Regarding the development of autonomy and safety awareness, students reported heightened attention to detail and risk recognition, both vital for preventing HAIs. The simulated environment functioned as a strategic platform for learning patient safety, where understanding potential complications reinforced best practices. This highlights the importance of creating realistic scenarios that meet clear learning objectives and prepare students for real-world challenges [14,21]. Interestingly, subtle differences emerged across countries. Peruvian students consistently emphasized the value of detailed checklists and the importance of procedural precision, reflecting a more structured orientation toward error prevention. In contrast, Brazilian students highlighted how advance preparation and debriefing built their confidence and reduced anxiety when applying infection prevention practices. These variations suggest that while simulation offers shared benefits, local educational culture and institutional practices may shape how students perceive its impact. We believe that recognizing such contextual nuances is important for tailoring simulation strategies in multinational curriculum development in this field.

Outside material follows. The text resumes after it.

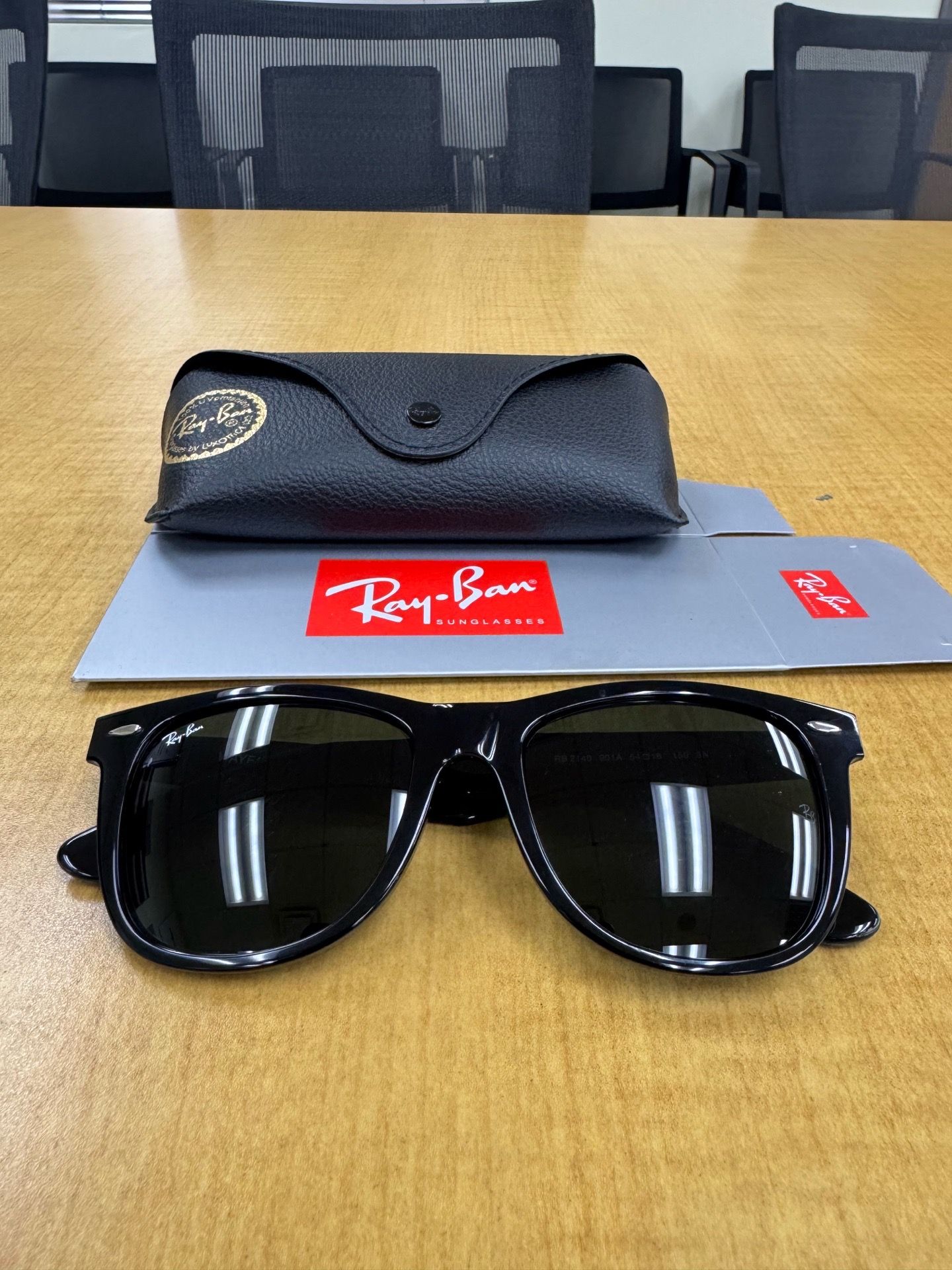 NEW Ray Ban Wayfarer 54MM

Clinical simulation effectively raises students’ awareness of risks and potential errors in patient care, encouraging safer clinical reasoning and decision-making. Its innovative and immersive nature appeals to current generations of learners by combining theory with practice, stimulating critical thinking, and enhancing readiness for real clinical settings [24,25]. Autonomy naturally develops as students are placed in scenarios requiring independent decision-making and reasoning, which are key skills for modern healthcare professionals [23].
The findings support the integration of clinical simulation into nursing curricula focused on HAI prevention. This includes the use of pre-reading materials, goal-oriented briefing, risk-focused scenario execution, and evidence-based, structured debriefing. Such a framework aligns with a growing trend in health education to incorporate simulation, which consistently demonstrates benefits in learners’ confidence, autonomy, and satisfaction [19]. While active participation is central, observation also provides valuable learning opportunities, especially when supported by guided observation tools [26]. This highlights that even students not directly performing procedures can gain meaningful learning, provided observation is structured with clear checklists or reflective prompts.

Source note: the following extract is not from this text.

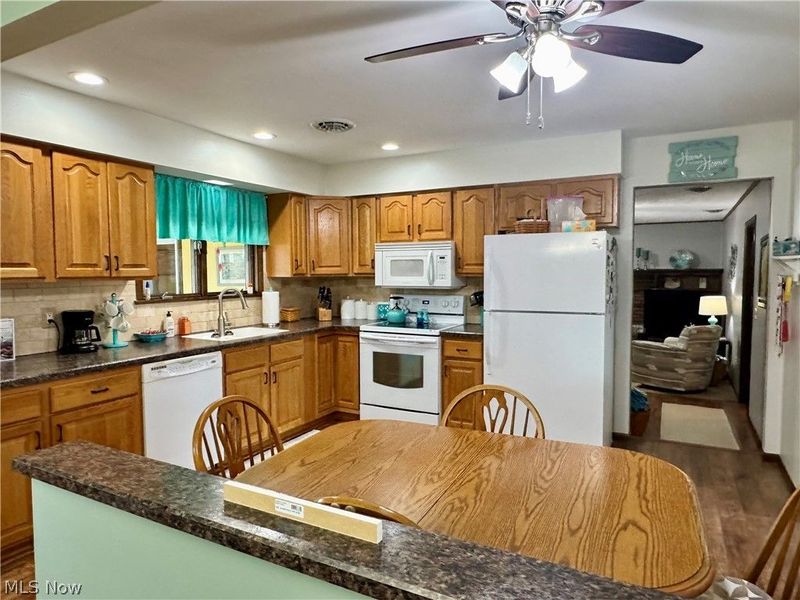 116 Winthrop Drive , Elyria, OH 44035 Photo 8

Patient safety emerged as a central theme throughout the participants’ reflections. Simulation nurtures not only technical and cognitive skills but also the attitudes and ethical values necessary for safe, high-quality practice [24]. Evidence supports that simulation-based teaching effectively internalizes safe behaviors (e.g., hand hygiene, proper use of personal protective equipment), and enhances risk recognition, situational awareness, and patient safety competence [5,24].
By providing a protected environment to experiment and reflect on mistakes, simulation fosters a culture of safety. This role has been emphasized by international bodies like the WHO, which advocate for simulation’s inclusion in health professional education to promote patient safety [27,28].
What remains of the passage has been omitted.